Hier soir dans la rue principale, le petit théatre España qui a rouvert ses portes,fermées durant une bonne vingtaine d’années. Le théatre qui est aussi cinéma a été rénové et même si sa façade n’a plus  tout à fait le même charme qu’avant, on ne va pas se plaindre ! http://souvenirpourdemain.wordpress.com/2010/03/11/teatro-espana/

Et ce matin, toujours à L’ A. que je ne veux plus nommer…des gens,qui passent ou qui sont là.


17 décembre

Nature morte non préméditée : Un livre que je lis en attendant mieux,  « l’Homme chauve-souris », un polar qui se passe en Australie et, qu’on aperçoit à peine, le catalogue  » Pour l’amour de l’art »  que j’avais photographié un jour que le soleil passait dessus,en 2008. (Le catalogue, sur la grande photo  est en bas à gauche  ouvert sur une page où est montré un tableau d’ Opalka, ses chiffres peints en gris extrêmement clair sur fond presque blanc) Et  un petit aperçu d’une peinture numérique imprimée,bref, une nature morte désordonnée  sur la table ce matin.

Photo 2008


16 décembre

A force de photographier presque toujours la même vue, à savoir la mer vue de l’Atenea, j’ai pensé que j’avais un côté obsessionnel, ce qui m’a amenée à Opalka  (cliquez sur le nom pour en savoir plus y PARA LOS CASTELLANO HABLANTES,  aquí: http://anatomika.wordpress.com/2009/10/09/roman-opalka-elchicoquesumaba/#comments ) dont j’ai découvert l’obsession à la biennale d’art contemporain de Lyon en 1991 . Fou, fascinant. Là, savoir si on aime ou non n’a ni sens ni importance. Ça me fascine car je suis, et depuis longtemps et par « crises »  à la limite d’être tentée de faire pareil, non pas en peignant-traçant les chiffres de 1 jusqu’à …ce que mort s’ensuive ni de photographier le passage du temps sur mon visage jour après jour, mais en photographiant une vue,toujours la même, chaque jour, à telle heure. Par exemple. Ça déjà été fait bien sûr mais ce n’est pas ça qui m’empêche de céder à cette tentation. C’est que je ne supporterais pas longtemps cette obligation, même par moi imposée. Car ce serait très vite une obligation  et non un besoin, une nécessité. Ce que je me demande, c’est si Opalka se sent obligé de poursuivre son but ou si vraiment il ne peut faire autrement.
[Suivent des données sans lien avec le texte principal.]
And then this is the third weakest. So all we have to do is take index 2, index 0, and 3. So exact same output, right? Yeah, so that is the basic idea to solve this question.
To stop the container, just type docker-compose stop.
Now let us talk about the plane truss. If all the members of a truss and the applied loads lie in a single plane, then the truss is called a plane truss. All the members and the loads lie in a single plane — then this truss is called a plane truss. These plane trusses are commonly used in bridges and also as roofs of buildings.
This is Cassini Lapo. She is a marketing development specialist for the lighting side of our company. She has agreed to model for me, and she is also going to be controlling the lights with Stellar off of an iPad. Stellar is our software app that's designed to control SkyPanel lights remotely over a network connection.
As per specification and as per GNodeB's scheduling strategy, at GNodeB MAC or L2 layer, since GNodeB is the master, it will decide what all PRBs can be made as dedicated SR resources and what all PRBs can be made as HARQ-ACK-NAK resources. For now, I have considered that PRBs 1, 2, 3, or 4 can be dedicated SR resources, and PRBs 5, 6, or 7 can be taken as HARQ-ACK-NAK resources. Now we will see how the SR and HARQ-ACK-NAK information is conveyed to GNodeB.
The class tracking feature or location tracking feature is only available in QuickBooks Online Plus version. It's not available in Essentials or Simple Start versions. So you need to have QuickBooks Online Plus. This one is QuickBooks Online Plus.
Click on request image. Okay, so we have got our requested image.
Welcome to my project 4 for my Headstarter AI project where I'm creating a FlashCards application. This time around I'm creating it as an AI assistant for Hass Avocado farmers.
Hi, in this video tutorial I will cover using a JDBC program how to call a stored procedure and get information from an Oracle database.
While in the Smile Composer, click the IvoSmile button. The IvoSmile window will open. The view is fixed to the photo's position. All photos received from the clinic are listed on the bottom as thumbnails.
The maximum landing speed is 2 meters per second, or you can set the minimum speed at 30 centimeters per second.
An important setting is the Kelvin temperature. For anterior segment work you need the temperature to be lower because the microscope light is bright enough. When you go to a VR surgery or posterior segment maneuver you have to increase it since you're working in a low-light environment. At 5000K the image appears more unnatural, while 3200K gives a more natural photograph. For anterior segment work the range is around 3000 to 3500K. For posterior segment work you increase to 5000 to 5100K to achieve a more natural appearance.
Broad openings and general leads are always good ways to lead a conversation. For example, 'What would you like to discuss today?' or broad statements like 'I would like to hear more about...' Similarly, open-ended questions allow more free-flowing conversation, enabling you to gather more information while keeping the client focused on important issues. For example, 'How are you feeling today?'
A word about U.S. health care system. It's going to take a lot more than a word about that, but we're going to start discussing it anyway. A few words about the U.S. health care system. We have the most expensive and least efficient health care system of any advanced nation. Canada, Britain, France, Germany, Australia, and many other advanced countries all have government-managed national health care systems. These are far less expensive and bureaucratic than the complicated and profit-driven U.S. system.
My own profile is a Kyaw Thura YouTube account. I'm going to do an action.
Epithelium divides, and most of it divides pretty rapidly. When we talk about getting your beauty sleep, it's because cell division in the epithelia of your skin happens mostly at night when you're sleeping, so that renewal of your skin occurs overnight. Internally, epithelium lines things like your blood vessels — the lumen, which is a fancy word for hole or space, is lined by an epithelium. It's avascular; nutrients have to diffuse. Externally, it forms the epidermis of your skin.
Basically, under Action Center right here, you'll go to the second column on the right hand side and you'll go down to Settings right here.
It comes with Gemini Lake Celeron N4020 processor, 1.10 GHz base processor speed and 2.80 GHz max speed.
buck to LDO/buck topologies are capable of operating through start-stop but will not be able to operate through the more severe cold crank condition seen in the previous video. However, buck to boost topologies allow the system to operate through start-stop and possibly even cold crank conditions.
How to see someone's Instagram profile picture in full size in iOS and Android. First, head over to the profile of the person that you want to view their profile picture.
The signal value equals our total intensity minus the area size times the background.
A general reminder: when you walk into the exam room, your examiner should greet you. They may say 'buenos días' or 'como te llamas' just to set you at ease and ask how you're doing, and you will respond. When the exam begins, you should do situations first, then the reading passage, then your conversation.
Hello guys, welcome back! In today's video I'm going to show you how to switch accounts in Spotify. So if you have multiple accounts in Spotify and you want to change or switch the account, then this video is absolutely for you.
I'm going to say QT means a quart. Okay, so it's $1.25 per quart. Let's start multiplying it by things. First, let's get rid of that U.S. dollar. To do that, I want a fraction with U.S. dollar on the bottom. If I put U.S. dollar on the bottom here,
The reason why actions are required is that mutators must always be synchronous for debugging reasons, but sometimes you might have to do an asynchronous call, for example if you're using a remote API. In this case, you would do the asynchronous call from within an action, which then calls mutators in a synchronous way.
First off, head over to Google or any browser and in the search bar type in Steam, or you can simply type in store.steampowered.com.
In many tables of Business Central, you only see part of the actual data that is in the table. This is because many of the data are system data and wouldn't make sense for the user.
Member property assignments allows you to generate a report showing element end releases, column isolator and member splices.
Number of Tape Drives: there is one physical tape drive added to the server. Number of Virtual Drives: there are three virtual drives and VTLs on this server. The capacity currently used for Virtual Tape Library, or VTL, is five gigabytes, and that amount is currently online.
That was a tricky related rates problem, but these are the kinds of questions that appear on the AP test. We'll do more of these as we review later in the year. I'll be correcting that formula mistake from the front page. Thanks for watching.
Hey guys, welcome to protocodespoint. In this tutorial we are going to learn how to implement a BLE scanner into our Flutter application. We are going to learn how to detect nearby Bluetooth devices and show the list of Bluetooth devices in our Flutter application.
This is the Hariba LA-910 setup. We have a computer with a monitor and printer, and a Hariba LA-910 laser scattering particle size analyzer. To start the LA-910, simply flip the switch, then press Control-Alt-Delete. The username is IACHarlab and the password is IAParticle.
Je ne sais pas, des deux cas de figure, lequel  traduit la plus grande « folie » .

A part ça, il a fait encore plus froid que hier, la preuve on a allumé un feu. Et c’était bon cette chaleur odorante et crépitante ( odorante car brûlaient des branches de romarin), avec un gâteau au chocolat qui cuisait dans le four et la bouilloire qui sifflait pour le thé. Cliché.